After calling (numpos '(1 -1 2)), the value of num_pos become 2.

EDIT: I totally agree with Óscar's comment and he has already added a better answer. Here is an alternative example with additional num_neg support:

(define (numpos lst num_pos num_neg)
 (cond
  ((null? lst)
   (list num_pos num_neg))
  ((>= (car lst) 0)
   (numpos (cdr lst) (+ num_pos 1) num_neg))
  (else
   (numpos (cdr lst) num_pos      (+ num_neg 1)))))

If you call (numpos '(1 -1 2) 0 0) then it returns a list containing the numbers of positive values and negative values like (2 1).

Note that the new version requires additional 2 arguments, each of which needs to be 0. Those parameters work like num_pos and num_neg in the original code. And this is tail recursive.

With tail recursion, you can easily remove side effects (global variable access).

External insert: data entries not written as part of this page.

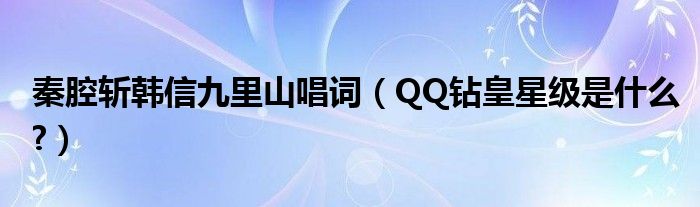 秦腔斬韓信九里山唱詞（QQ鉆皇星級(jí)是什么?）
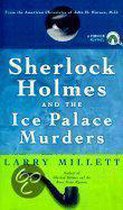 Sherlock Holmes and the Ice Palace Murders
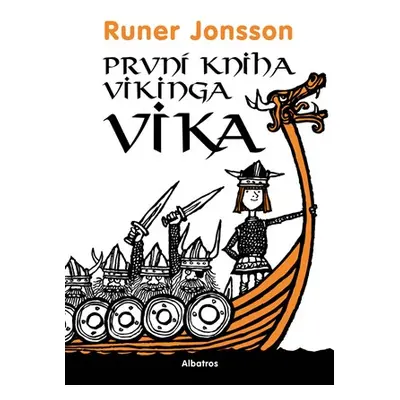 První kniha vikinga Vika | Josef Vohryzek, Runer Jonsson, Ewert Karlsson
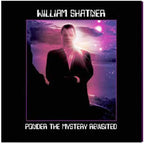 William Shatner - Ponder the Mystery Revisited ( VINYL )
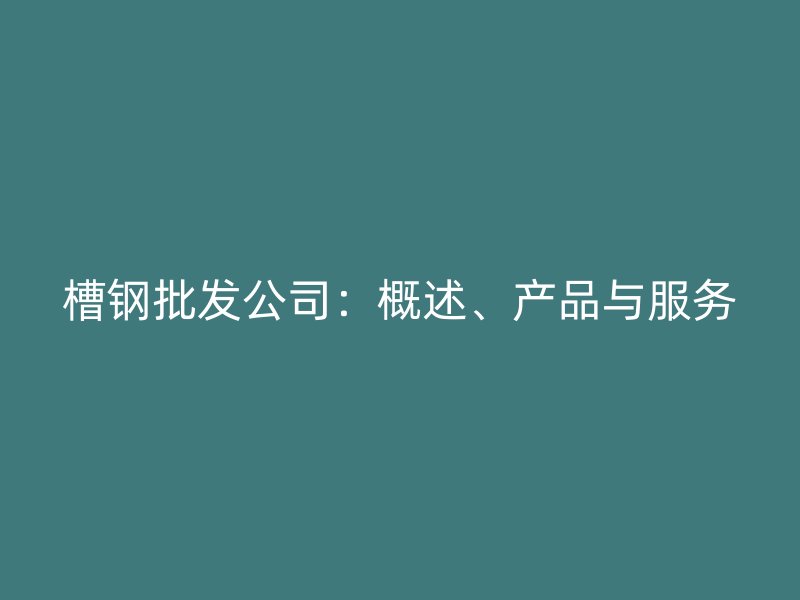 槽鋼批發(fā)公司：概述、產(chǎn)品與服務(wù)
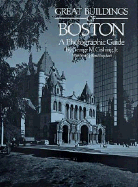 Great Buildings of Boston - Cushing, George M, Jr., and Urquhart, Ross (Editor)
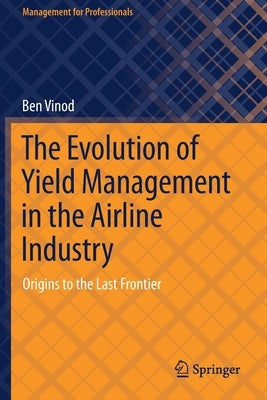 The Evolution of Yield Management in the Airline Industry: Origins to the Last Frontier by Vinod, Ben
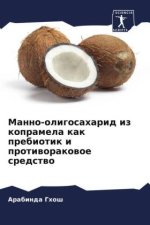Manno-oligosaharid iz kopramela kak prebiotik i protiworakowoe sredstwo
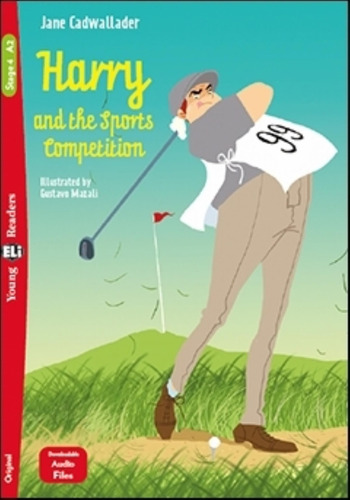 Harry And The Sports Competition - Young Hub Readers 4 (a2), De Cadwallader, Jane. Hub Editorial, Tapa Blanda En Inglés Internacional
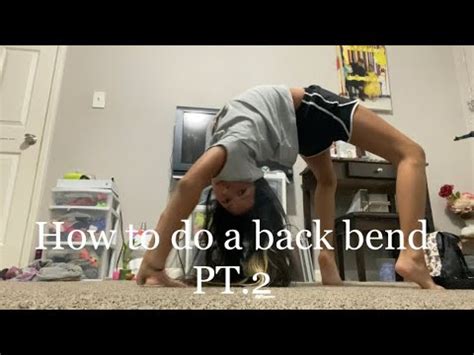 How To Do A Backbend PT.2 - YouTube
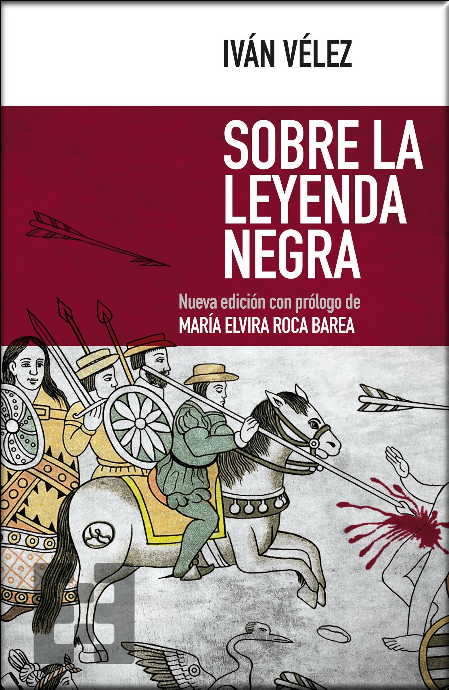 SOBRE LA LEYENDA NEGRA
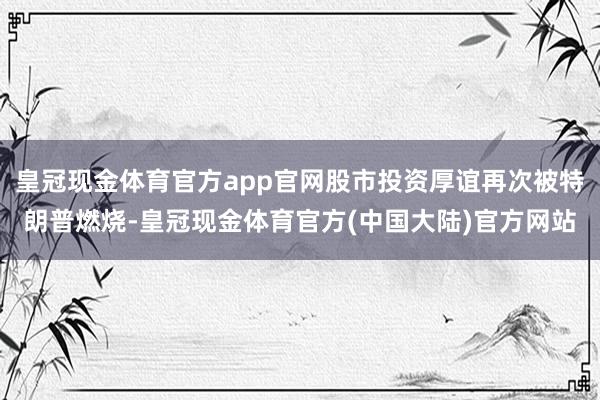 皇冠现金体育官方app官网股市投资厚谊再次被特朗普燃烧-皇冠现金体育官方(中国大陆)官方网站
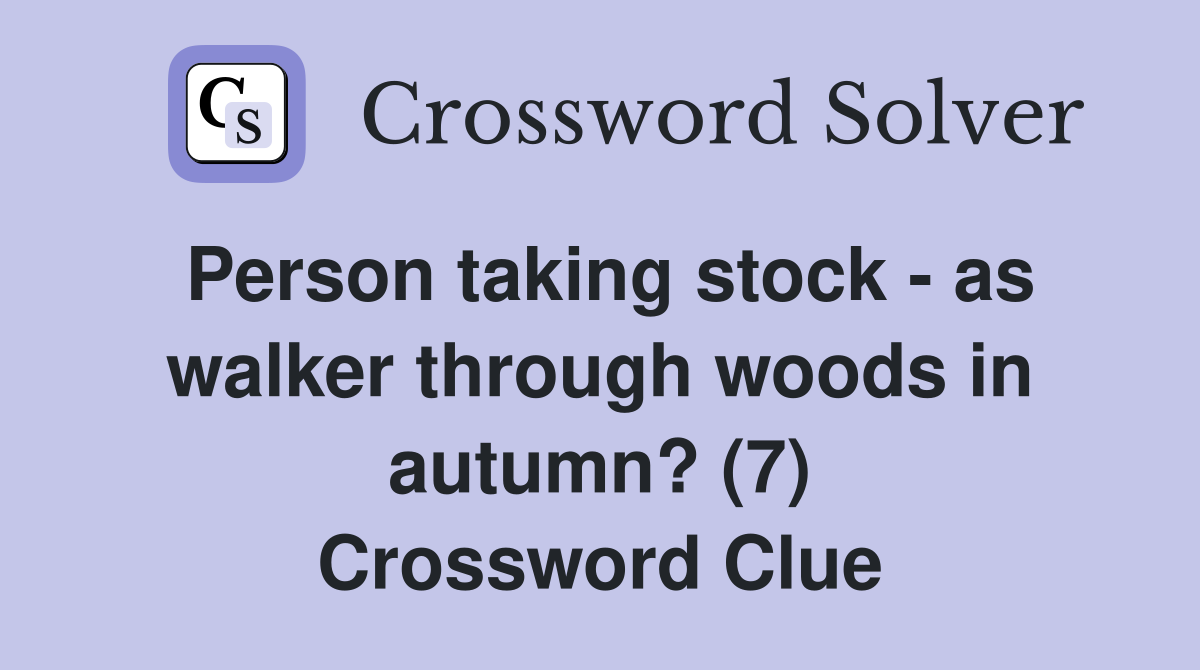 Person taking stock - as walker through woods in autumn? (7) Crossword Clue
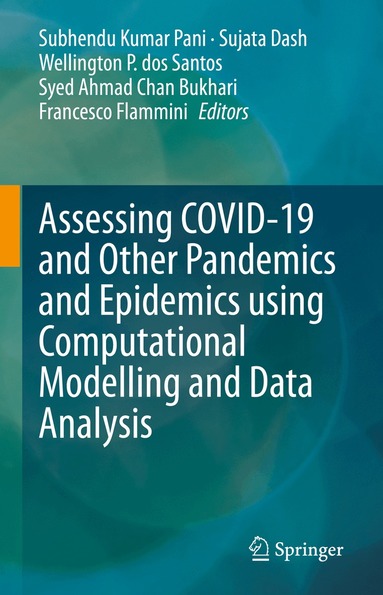 Subhendu Kumar Pani, Sujata Dash, Wellington P. dos Santos, Syed Ahmad Chan Bukhari, Francesco Flammini - Assessing COVID-19 and Other Pandemics and Epidemics using Computational Modelling and Data Analysis, Inbunden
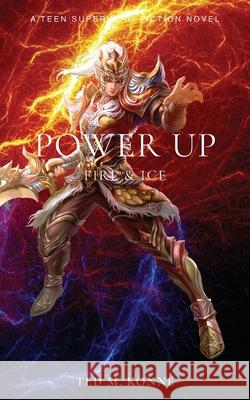 Power Up Ted M. Konne 9781087979816 Vmh Publishing - książka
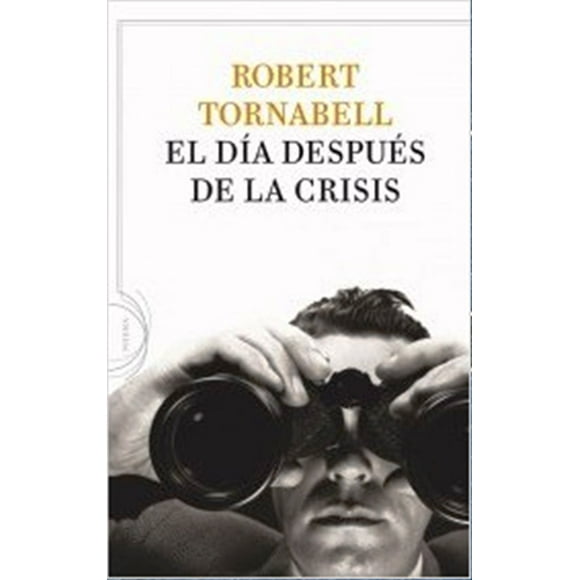 EL DÍA DESPUÉS DE ÑA CRISIS ARIEL MEXICO ROBERT TORNABELL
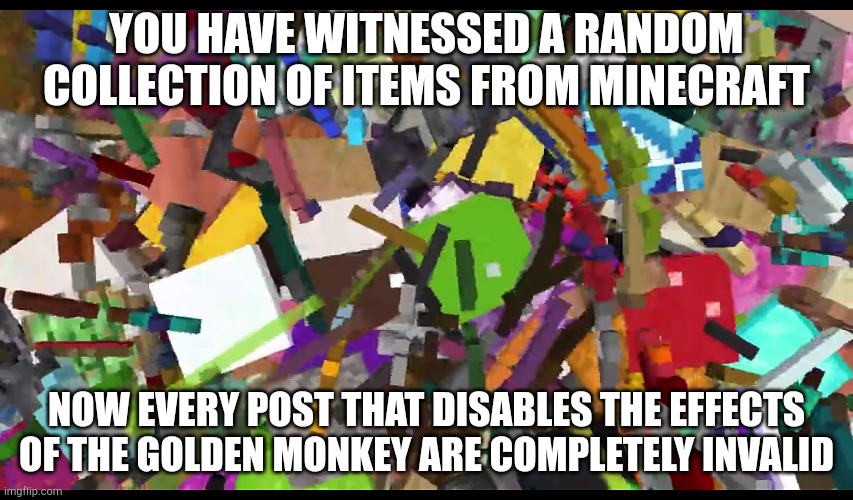 T | YOU HAVE WITNESSED A RANDOM COLLECTION OF ITEMS FROM MINECRAFT; NOW EVERY POST THAT DISABLES THE EFFECTS OF THE GOLDEN MONKEY ARE COMPLETELY INVALID | image tagged in hdusnajdbhsjfbdjsbdhdjdbchd | made w/ Imgflip meme maker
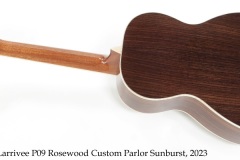 Larrivee P09 Rosewood Custom Parlor Sunburst, 2023 Full Rear View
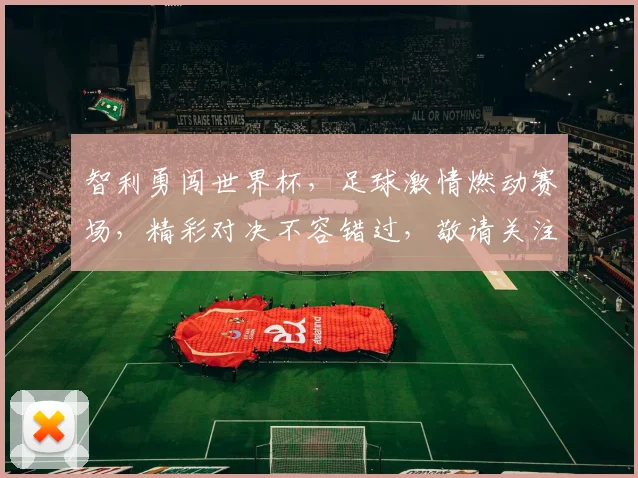 智利勇闯世界杯，足球激情燃动赛场，精彩对决不容错过，敬请关注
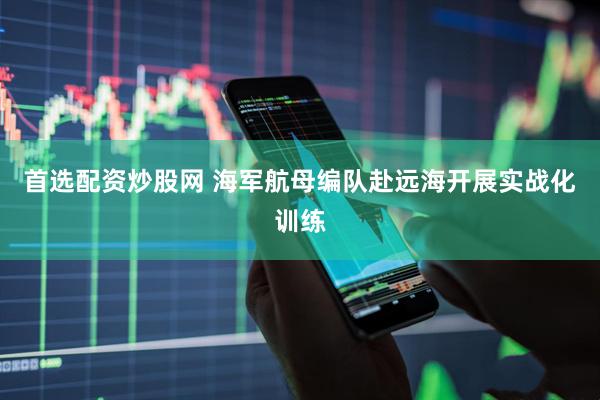 首选配资炒股网 海军航母编队赴远海开展实战化训练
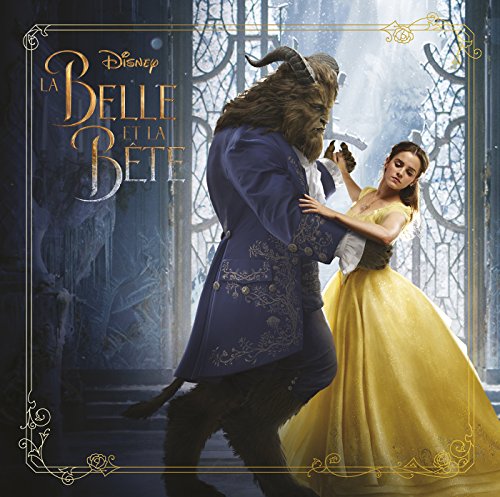 Stock image for LA BELLE & LA BTE - LE FILM - Disney Monde Enchant for sale by Ammareal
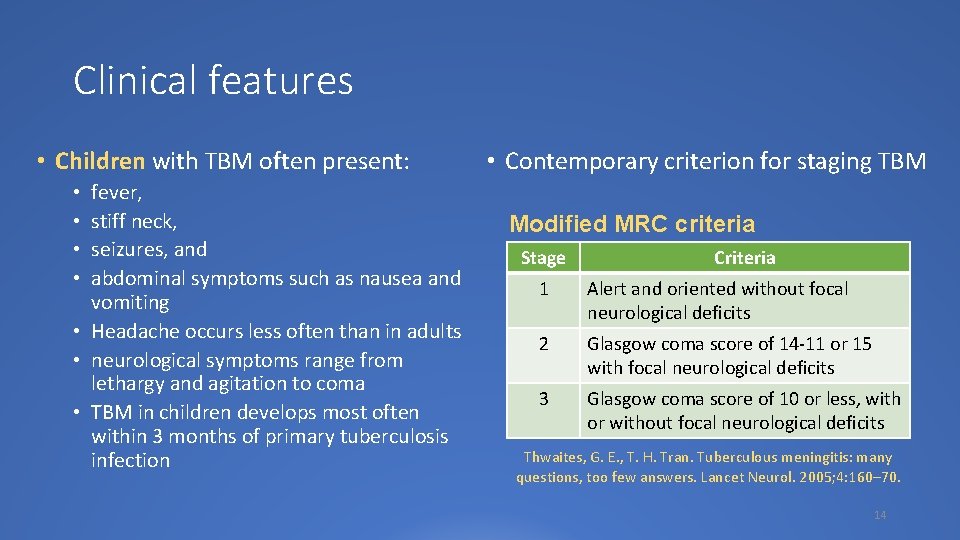 Clinical features • Children with TBM often present: fever, stiff neck, seizures, and abdominal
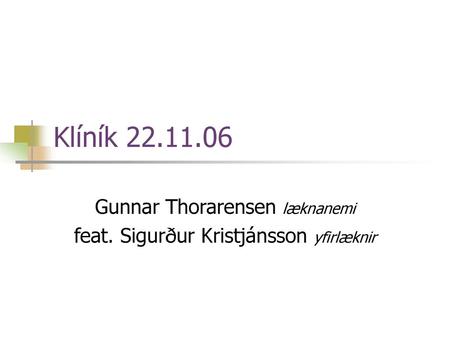 Gunnar Thorarensen læknanemi feat. Sigurður Kristjánsson yfirlæknir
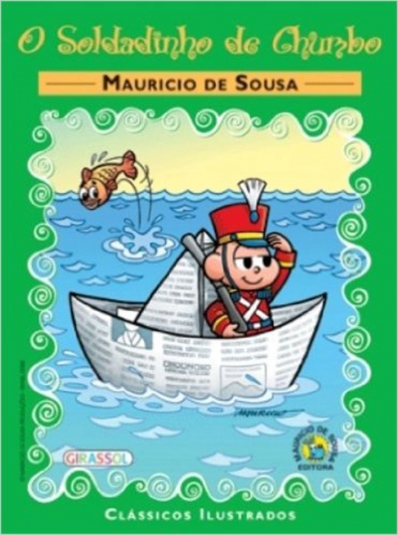O Soldadinho de Chumbo: Col. Clássicos Ilustrados - Turma da Mônica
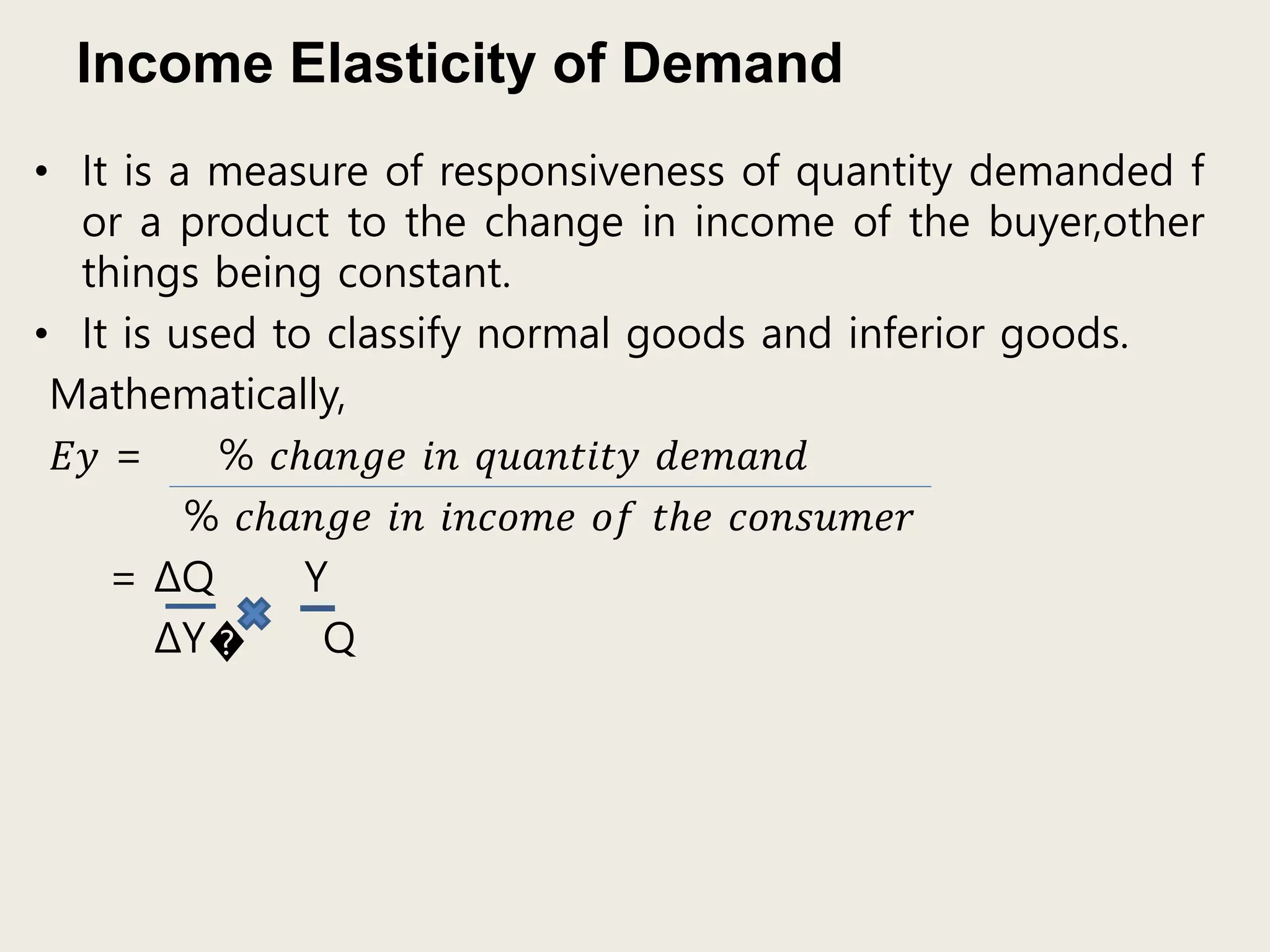 Income Elasticity of Demand
• It is a measure of responsiveness of quantity demanded f
or a product to the change in income of the buyer,other
things being constant.
• It is used to classify normal goods and inferior goods.
Mathematically,
𝐸𝑦 = % 𝑐ℎ𝑎𝑛𝑔𝑒 𝑖𝑛 𝑞𝑢𝑎𝑛𝑡𝑖𝑡𝑦 𝑑𝑒𝑚𝑎𝑛𝑑
% 𝑐ℎ𝑎𝑛𝑔𝑒 𝑖𝑛 𝑖𝑛𝑐𝑜𝑚𝑒 𝑜𝑓 𝑡ℎ𝑒 𝑐𝑜𝑛𝑠𝑢𝑚𝑒𝑟
= ΔQ Y
ΔY� Q
 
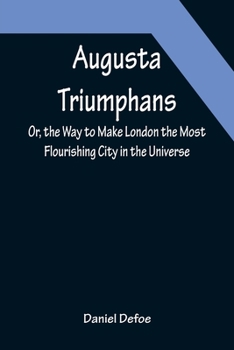 Paperback Augusta Triumphans; Or, the Way to Make London the Most Flourishing City in the Universe Book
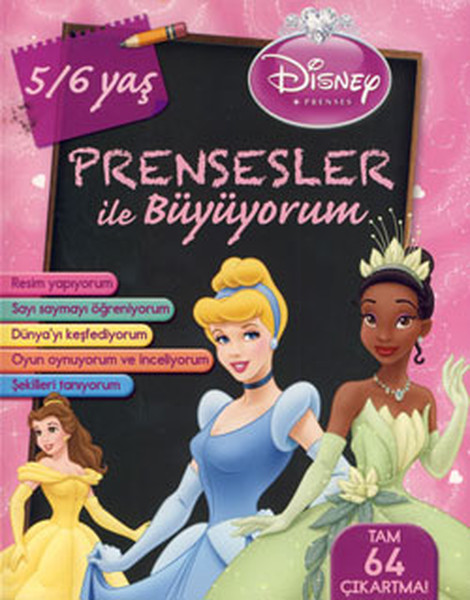 Prensesler İle Büyüyorum 56 Yaş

If you don't like those additional arguments, you can rewrite with internal define like below:

(define (numpos lst)
  (define (iter lst num_pos num_neg)
    (cond
     ((null? lst)
      (list num_pos num_neg))
     ((>= (car lst) 0)
      (iter (cdr lst) (+ num_pos 1) num_neg))
     (else
      (iter (cdr lst) num_pos      (+ num_neg 1)))))
  (iter lst 0 0))
2
votes

In Scheme, we try to write procedures using the functional programming paradigm. In your example, defining a counter outside the procedure is not a good idea, to change its value you'd need to mutate it inside using the set! instruction, and we should avoid doing precisely that.

The usual solution (if we're going to solve this "by hand") would be to recursively traverse the list and increment the value at each recursive call, notice that we don't even need to increment variables inside the procedure, like this:

(define (numpos lst)
  (cond
    ((null? lst) 0)
    ((>= (car lst) 0) (+ 1 (numpos (cdr lst))))
    (else (numpos (cdr lst)))))

The key to understand how this works is in here:

(+ 1 (numpos (cdr lst)))

We add one to the result of the recursion, and we keep doing this for every positive number until we reach the end of the list, and add a zero at the end.

In your code, you had written this: (+ num_pos 1), but that expression is not changing the value of num_pos, it's simply adding one to zero, but never storing the result of the addition!

Now we can define the variables with the proper values, we only need to calculate num_pos with the procedure, the value of num_neg can be easily inferred:

(define num_pos (numpos lst))
(define num_neg (- (length lst) num_pos))

There are many ways to solve this problem. After you're familiar with recursive procedures, you'll discover that there are tons of built-in procedures that allow you to quickly find a solution to common problems. In fact, the idiomatic way to answer your question would be to use count:

(define (numpos lst)
  (count (lambda (n) (>= n 0))
         lst))